Peter! You can't leave a statement like that hanging. I don't understand --- explain!

Important nitpick: the NHS is not a single-payer system. In the U.S., Medicare is single-payer and the V.A. is an NHS-style centralized provider. These are two very different animals.

My mistake, I meant a NHS-style centralized provider. The point is that a truly sweeping sort of health care reform might be so hugely controversial that courts might try to strike it down, for example by holding that rationing would deprive people of their rights (to live).

That would be unusual. The death panels have played little role in determining Canadian health policy.

The problem areas of the Canadian health care system relate to the provision of adequate care rural areas and in chronic-care situations. Court challenges to medicare have come mainly from doctors, who are contesting the monopoly of medicare on doctors.

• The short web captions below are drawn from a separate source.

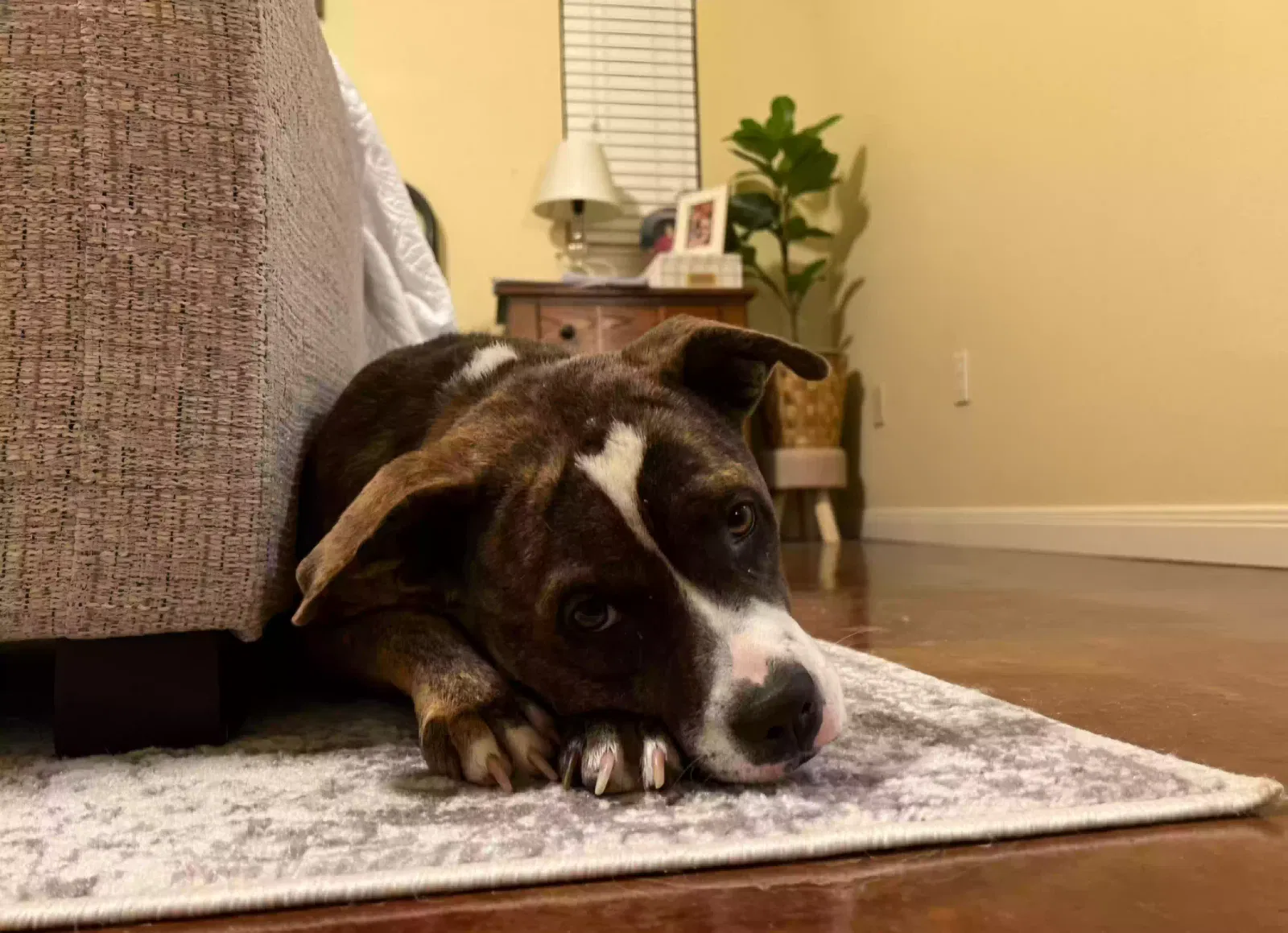 Dog, Unknown Dog for adoption in Woodway, TX, 76712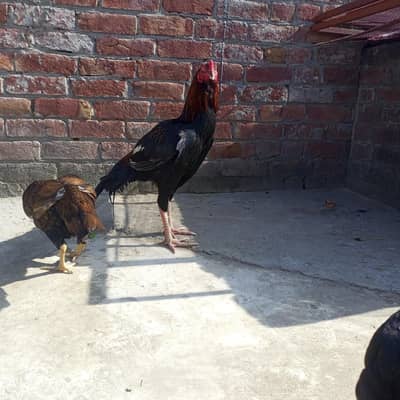 hens.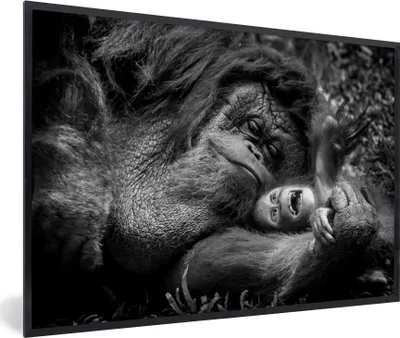 Produktbild von MuchoWow® MuchoWow® Gerahmtes Poster Liebender Orang-Utan mit Jungtier in Schwarz und Weiß 60x40 cm - Poster mit zchwarzem Bilderrahmen - Printing - Wanddeko Schlafzimmer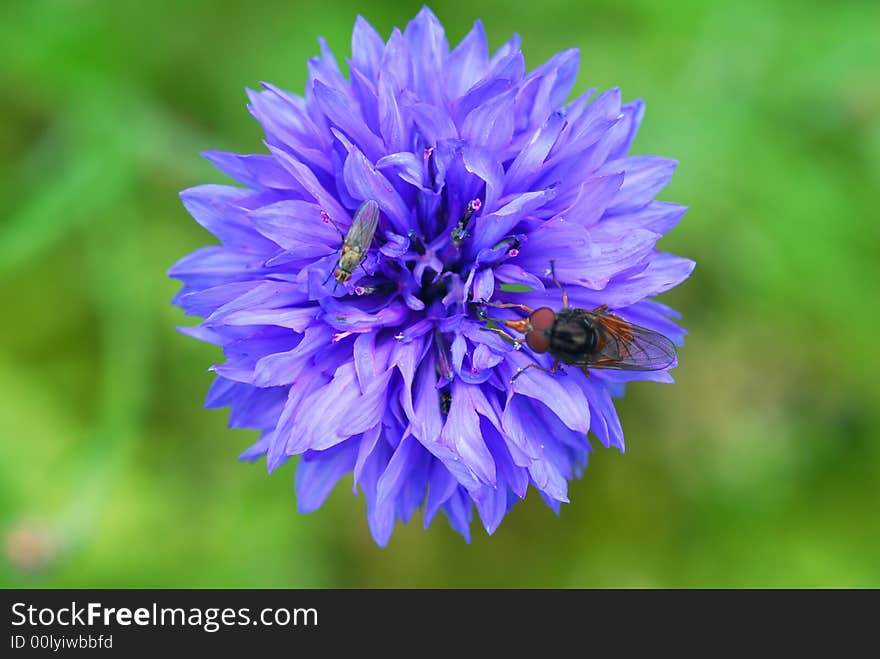 Insects on blue flower - blur background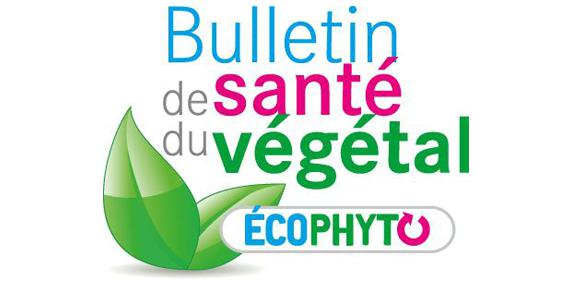 Pays de la Loire - Le Bulletin de santé du végétal pour anticiper l'état sanitaire des cultures et identifier les protections
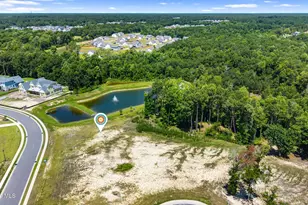 104 Dragonfly Ln, Hampstead, NC 28443 - Photo 10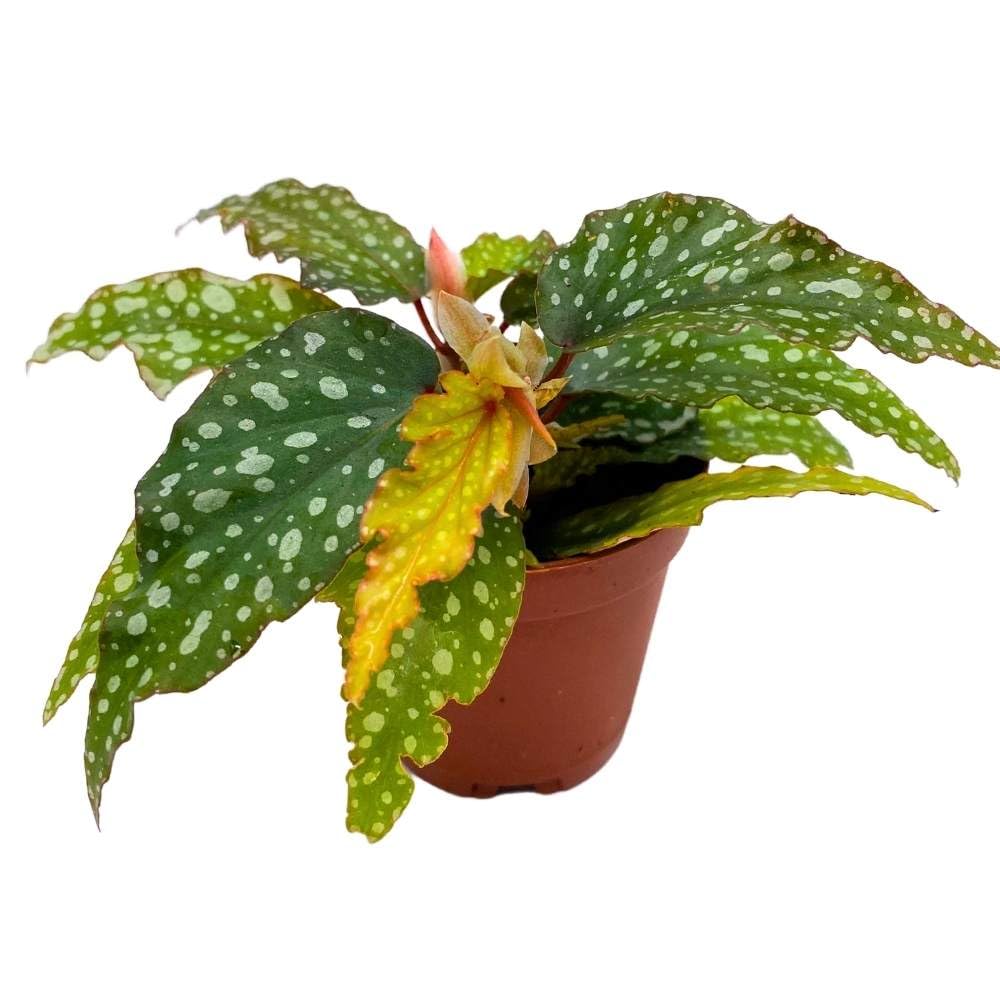 Mini Angel Wing Medora 2 inch Cane Polkadot Begonia Tiny Pixie Plant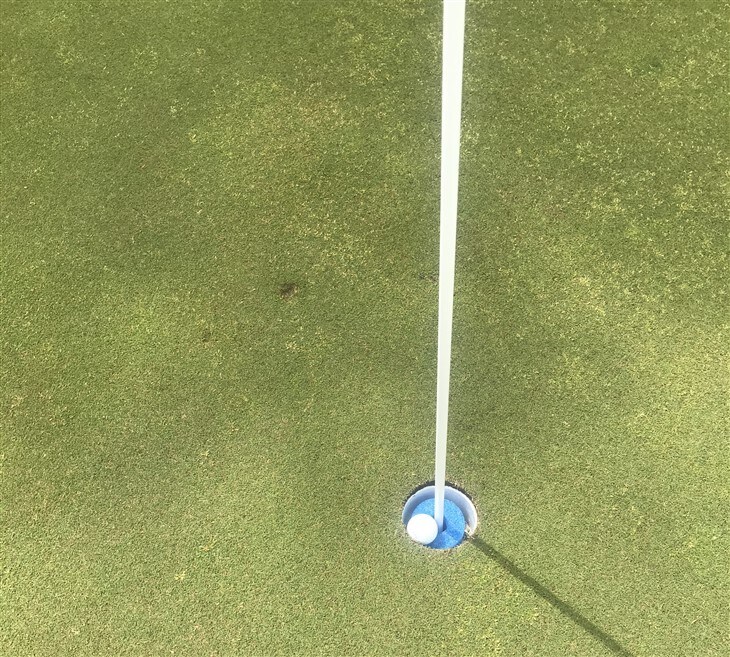 Love My Pro V1s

Rationing has played only a marginal role if at all, judging by my experience and that of my family and intimates.

This is something of a tangent, but has anyone else here read Gregory Clark's "Was There Ever a Ruling Class?"

I ask because the argument made in that paper - that we have moved from a world of equal intergenerational opportunity to one of class rigidity, rather than the reverse - may, if it is at all accurate, have some bearing on the question at hand.

King-Walters, that paper is fascinating and provocative. What do you think its lessons are for the modern United States?

Well, if we really have moved in the direction of increased social immobility and class rigidity, that can't be good for American democracy. I'm not sure we have enough data yet to draw any actual lessons, but it seems to be the sort of thing we should keep in mind when talking about potential failure modes of the United States.